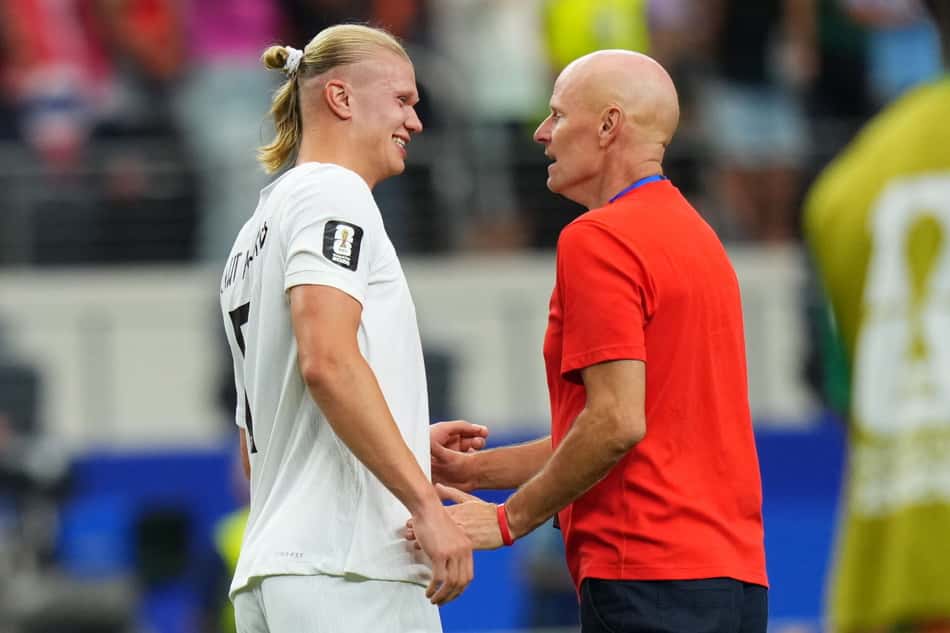 Stale Solbakken ao lado de Erling Haaland em partida da Noruega pela Copa do Mundo. (Foto: Agência Efe/Folhapress)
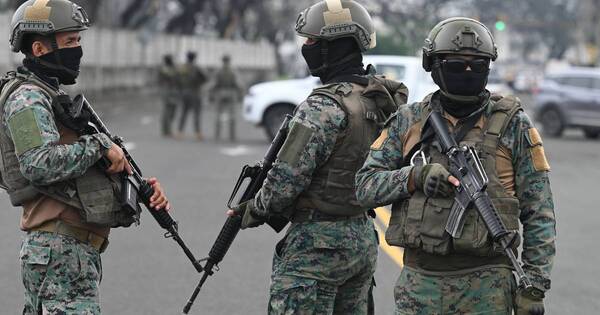 La Nación / Detienen a criminales en intento por tomar control de un hospital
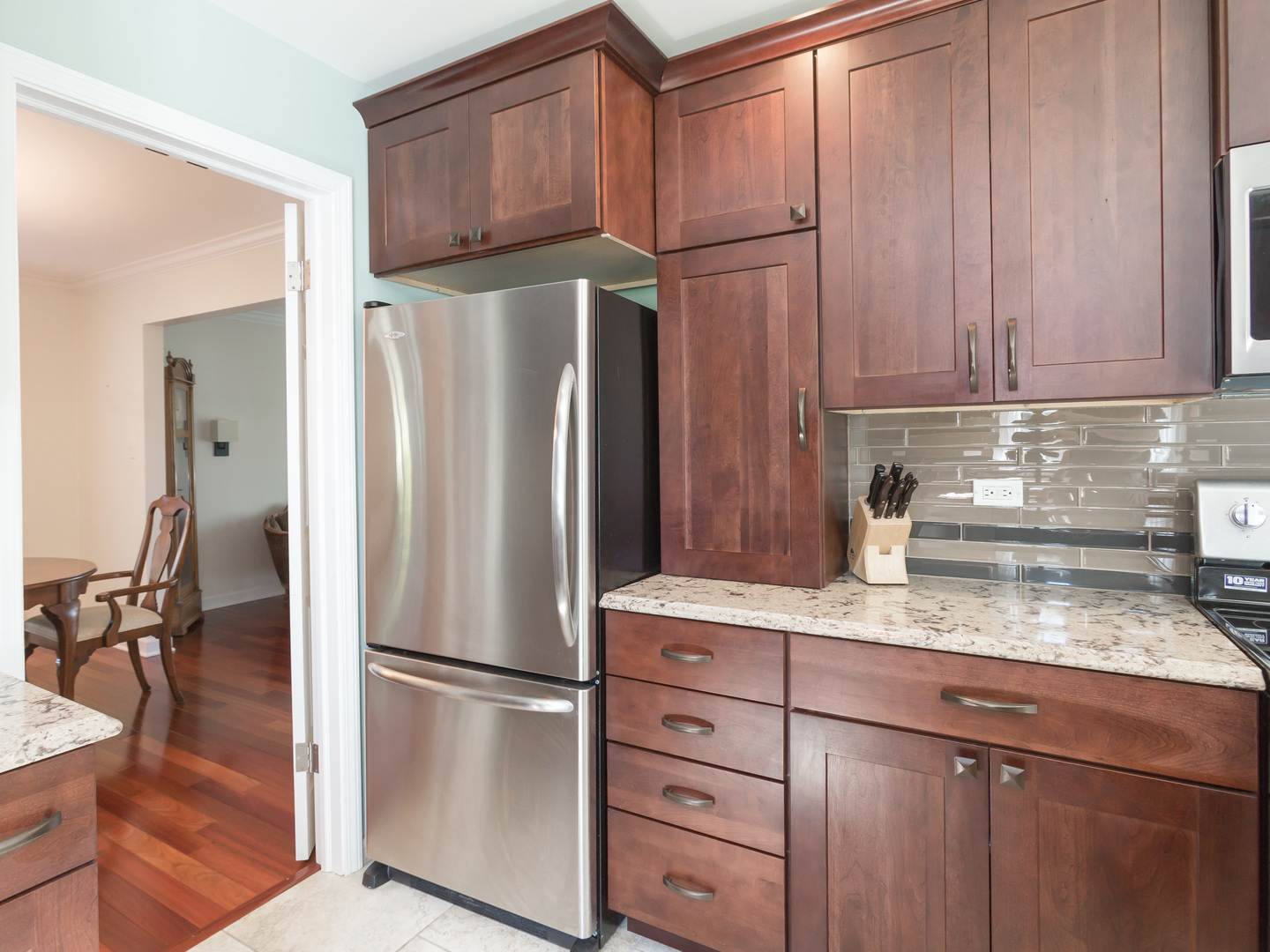 1007 Longmeadow Lane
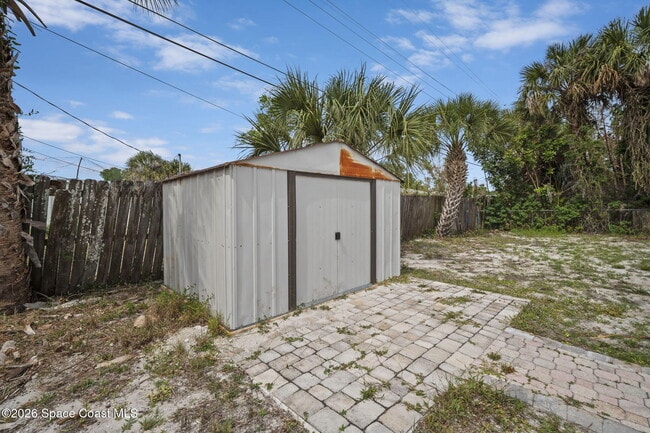 Building Photo - 1688 Eisenhower Ave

__THE TASK__
Hand back exactly the lines from the one with "La Nación /" through the last line of the data above, both ends included, with every picture left out.

__WRITTEN REPLY__
 La Nación / Detienen a criminales en intento por tomar control de un hospital
 1007 Longmeadow Lane
 Building Photo - 1688 Eisenhower Ave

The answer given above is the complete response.